PROBLEM DETAILS ▸
Once the line containing "Zodiac Women's Leather" is found, set down that line and each one after it exactly, through the end of the entries.

Crawled caption data:
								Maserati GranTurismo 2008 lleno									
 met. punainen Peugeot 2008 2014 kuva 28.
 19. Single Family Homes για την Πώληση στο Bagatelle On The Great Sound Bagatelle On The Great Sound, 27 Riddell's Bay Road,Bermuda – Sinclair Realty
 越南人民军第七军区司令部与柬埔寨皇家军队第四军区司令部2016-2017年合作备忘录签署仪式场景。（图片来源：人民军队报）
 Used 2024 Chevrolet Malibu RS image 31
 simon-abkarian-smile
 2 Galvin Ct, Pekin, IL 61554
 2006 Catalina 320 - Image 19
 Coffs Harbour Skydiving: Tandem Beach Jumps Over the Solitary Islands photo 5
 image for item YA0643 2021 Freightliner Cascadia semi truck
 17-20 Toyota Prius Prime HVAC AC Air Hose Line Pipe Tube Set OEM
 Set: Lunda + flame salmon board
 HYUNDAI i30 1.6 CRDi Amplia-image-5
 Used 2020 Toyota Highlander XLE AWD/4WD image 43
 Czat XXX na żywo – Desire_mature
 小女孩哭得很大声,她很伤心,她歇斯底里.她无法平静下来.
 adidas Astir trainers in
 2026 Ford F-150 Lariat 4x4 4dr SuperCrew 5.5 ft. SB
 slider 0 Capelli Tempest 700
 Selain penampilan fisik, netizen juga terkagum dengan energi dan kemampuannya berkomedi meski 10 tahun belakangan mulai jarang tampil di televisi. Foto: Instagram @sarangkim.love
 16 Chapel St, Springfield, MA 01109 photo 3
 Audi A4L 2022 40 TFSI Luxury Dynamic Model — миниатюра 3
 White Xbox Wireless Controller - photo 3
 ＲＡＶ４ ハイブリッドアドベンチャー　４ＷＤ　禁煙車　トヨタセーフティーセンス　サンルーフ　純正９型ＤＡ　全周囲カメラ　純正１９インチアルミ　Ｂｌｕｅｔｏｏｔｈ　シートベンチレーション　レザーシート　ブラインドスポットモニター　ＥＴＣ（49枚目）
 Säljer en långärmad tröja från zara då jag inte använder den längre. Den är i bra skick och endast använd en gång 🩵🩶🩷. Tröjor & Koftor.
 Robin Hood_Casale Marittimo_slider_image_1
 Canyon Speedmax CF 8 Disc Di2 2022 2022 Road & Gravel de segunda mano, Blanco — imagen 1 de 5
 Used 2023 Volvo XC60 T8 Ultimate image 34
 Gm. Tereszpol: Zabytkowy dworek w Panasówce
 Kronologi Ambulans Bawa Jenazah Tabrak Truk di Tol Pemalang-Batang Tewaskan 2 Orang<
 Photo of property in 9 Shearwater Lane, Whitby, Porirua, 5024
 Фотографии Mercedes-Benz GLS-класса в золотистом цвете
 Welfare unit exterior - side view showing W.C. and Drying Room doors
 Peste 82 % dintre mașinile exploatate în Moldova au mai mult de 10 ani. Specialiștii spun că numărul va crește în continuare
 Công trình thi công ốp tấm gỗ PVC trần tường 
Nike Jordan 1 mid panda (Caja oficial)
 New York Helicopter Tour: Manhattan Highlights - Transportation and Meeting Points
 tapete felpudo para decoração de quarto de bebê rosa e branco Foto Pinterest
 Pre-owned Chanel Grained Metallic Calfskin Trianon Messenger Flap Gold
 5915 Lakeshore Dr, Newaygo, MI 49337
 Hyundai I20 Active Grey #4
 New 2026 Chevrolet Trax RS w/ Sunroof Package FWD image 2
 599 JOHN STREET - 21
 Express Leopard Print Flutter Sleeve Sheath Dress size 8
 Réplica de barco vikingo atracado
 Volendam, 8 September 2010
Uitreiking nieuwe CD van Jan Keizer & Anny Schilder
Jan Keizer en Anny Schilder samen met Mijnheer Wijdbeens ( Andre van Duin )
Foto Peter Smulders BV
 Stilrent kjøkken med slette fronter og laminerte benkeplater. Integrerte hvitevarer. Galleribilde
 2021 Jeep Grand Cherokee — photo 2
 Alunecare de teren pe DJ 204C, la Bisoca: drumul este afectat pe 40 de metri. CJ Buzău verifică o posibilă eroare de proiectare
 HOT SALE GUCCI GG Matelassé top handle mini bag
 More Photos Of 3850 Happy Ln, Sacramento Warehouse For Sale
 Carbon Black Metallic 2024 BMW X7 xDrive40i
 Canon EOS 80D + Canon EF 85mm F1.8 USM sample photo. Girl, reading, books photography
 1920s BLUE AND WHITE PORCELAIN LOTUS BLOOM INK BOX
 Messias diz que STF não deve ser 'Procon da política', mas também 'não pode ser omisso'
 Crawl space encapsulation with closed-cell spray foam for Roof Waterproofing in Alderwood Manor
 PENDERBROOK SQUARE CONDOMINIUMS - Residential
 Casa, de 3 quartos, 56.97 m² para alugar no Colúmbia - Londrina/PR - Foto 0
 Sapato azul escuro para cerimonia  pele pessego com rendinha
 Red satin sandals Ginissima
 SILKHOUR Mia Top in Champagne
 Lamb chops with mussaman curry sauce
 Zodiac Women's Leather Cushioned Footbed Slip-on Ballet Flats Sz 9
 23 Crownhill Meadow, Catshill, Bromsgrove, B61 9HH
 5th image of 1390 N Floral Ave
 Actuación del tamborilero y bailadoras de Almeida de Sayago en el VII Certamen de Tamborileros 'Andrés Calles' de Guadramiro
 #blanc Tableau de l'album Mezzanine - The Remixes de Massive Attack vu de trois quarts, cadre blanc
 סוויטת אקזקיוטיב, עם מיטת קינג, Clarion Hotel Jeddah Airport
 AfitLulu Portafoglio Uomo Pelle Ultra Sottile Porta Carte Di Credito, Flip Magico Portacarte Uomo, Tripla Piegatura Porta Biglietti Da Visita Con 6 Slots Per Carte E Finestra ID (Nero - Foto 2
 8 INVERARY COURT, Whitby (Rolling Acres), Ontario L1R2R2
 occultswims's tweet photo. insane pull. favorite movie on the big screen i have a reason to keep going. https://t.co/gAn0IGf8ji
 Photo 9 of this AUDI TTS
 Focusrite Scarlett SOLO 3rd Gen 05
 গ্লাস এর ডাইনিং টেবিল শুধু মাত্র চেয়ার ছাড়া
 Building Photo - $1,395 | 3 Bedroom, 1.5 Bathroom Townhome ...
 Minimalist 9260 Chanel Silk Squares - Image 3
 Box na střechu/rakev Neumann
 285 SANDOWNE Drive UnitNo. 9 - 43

RESULT ▸
 Zodiac Women's Leather Cushioned Footbed Slip-on Ballet Flats Sz 9
 23 Crownhill Meadow, Catshill, Bromsgrove, B61 9HH
 5th image of 1390 N Floral Ave
 Actuación del tamborilero y bailadoras de Almeida de Sayago en el VII Certamen de Tamborileros 'Andrés Calles' de Guadramiro
 #blanc Tableau de l'album Mezzanine - The Remixes de Massive Attack vu de trois quarts, cadre blanc
 סוויטת אקזקיוטיב, עם מיטת קינג, Clarion Hotel Jeddah Airport
 AfitLulu Portafoglio Uomo Pelle Ultra Sottile Porta Carte Di Credito, Flip Magico Portacarte Uomo, Tripla Piegatura Porta Biglietti Da Visita Con 6 Slots Per Carte E Finestra ID (Nero - Foto 2
 8 INVERARY COURT, Whitby (Rolling Acres), Ontario L1R2R2
 occultswims's tweet photo. insane pull. favorite movie on the big screen i have a reason to keep going. https://t.co/gAn0IGf8ji
 Photo 9 of this AUDI TTS
 Focusrite Scarlett SOLO 3rd Gen 05
 গ্লাস এর ডাইনিং টেবিল শুধু মাত্র চেয়ার ছাড়া
 Building Photo - $1,395 | 3 Bedroom, 1.5 Bathroom Townhome ...
 Minimalist 9260 Chanel Silk Squares - Image 3
 Box na střechu/rakev Neumann
 285 SANDOWNE Drive UnitNo. 9 - 43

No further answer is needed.